Already there is talk of the government stepping in to oversee a global settlement, just as it did in the mortgage robo-signing scandal. But it took years for regulators to reach a nationwide mortgage settlement. And that settlement involved the cooperation only of states, not countries, which means the banking industry could be mired in legal action for a while.

Dozens of lawsuits have been filed in the wake of a $450 million settlement U.S. and British regulators reached last month with the London-based bank Barclays, which admitted manipulating Libor rates for profit and to hide the bank’s financial distress from 2005 to 2009. Libor, or the London interbank offered rate, is an average of bank interest rates that underpins trillions of dollars’ worth of worldwide financial transactions.

In one of the latest Libor cases, Berkshire Bank is suing all 16 banks involved in setting the rate, claiming loss of income. The New York-based institution, with $881 million in assets, claims in a class-action lawsuit that rate-fixing lowered the interest payments it received from August 2007 to May 2010. “Tens, if not hundreds, of billions of dollars of loans are originated or sold within this state each year with rates tied to Libor,” Berkshire said in a complaint filed Wednesday. Keeping the rate artificially low “on the date on which a loan resets will generally reduce the amount of interest that a lender receives by an equivalent amount.”

Berkshire hopes to represent several hundred banks and credit unions that are based in New York or have a majority of their operations in the state.
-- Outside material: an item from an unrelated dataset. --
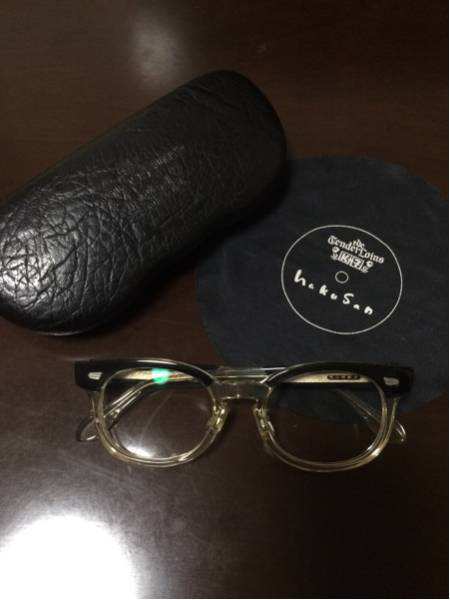 白山眼鏡店×テンダーロイン T-JERRY 検フォーナインズ 金子眼鏡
The case could serve as the model for countless lenders as Libor is the benchmark for the financial products known as derivatives.

“There will be a waterfall of derivative lawsuits,” said Karen Shaw Petrou, managing partner of Federal Financial Analytics, a Washington research firm. “Each will be different because the alleged harm by plaintiffs is different — different investments, different time periods, different outcomes.”

Given the universe of securities dependant on the rate, financial experts say money managers such as Vanguard Group or BlackRock may enter the legal fray on behalf of their clients.

Investment firm Charles Schwab laid the groundwork last year with a lawsuit against 11 Libor-setting banks that allegedly depressed returns on mutual funds and short-term debt by rigging the rate. Around the same time, municipalities including Baltimore City accused the banks of robbing them of millions in returns on financial instruments used to fund public infrastructure.